::: Supplied information :::
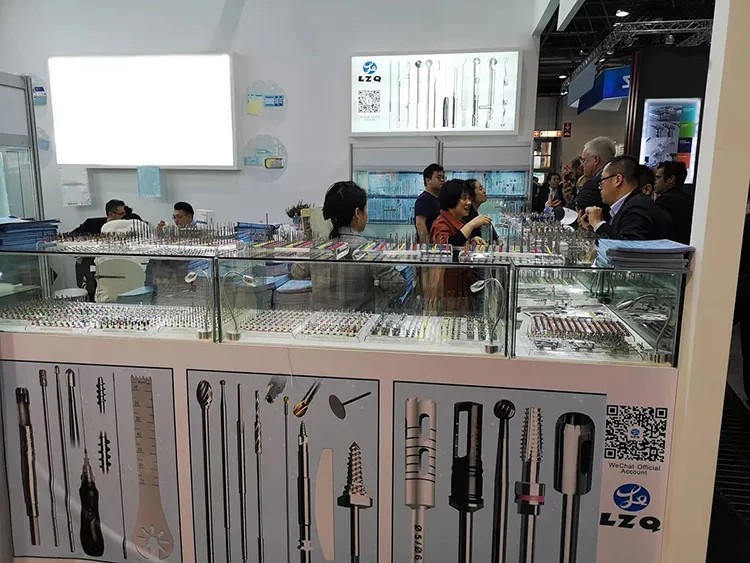 MEDICA Dusseldorf, Germany November 2019 World Medical Exhibition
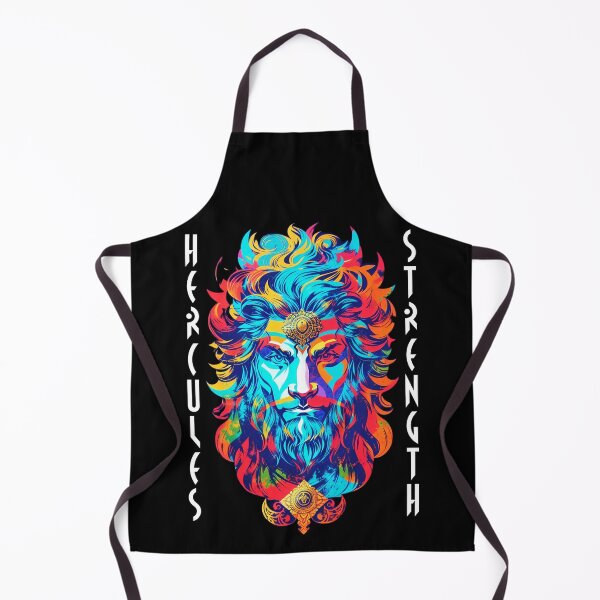 Item preview, Lion Head Heracles Fierce God of Strength from Mount Olympus designed and sold by Ridiculam Toga.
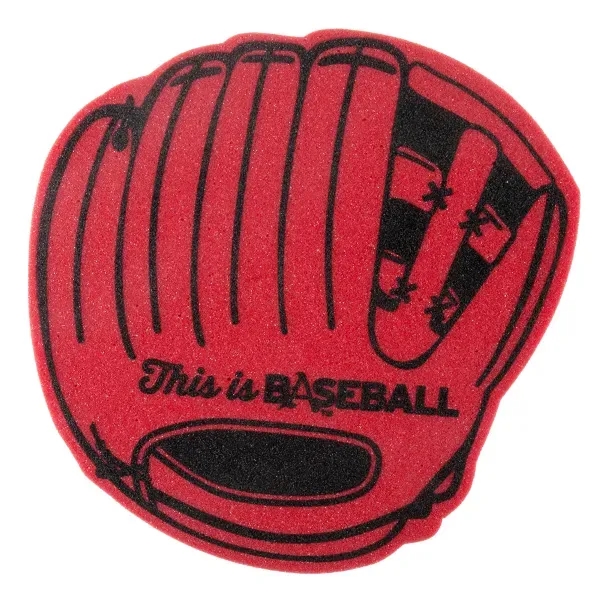 Foam 14" baseball glove mitt.... from ASI 77280 Pepco Poms / Pepco Poms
:::
Exercise goal: The expected answer is the full listing above, transcribed exactly and without pictures.

Task output:
 MEDICA Dusseldorf, Germany November 2019 World Medical Exhibition
 Item preview, Lion Head Heracles Fierce God of Strength from Mount Olympus designed and sold by Ridiculam Toga.
 Foam 14" baseball glove mitt.... from ASI 77280 Pepco Poms / Pepco Poms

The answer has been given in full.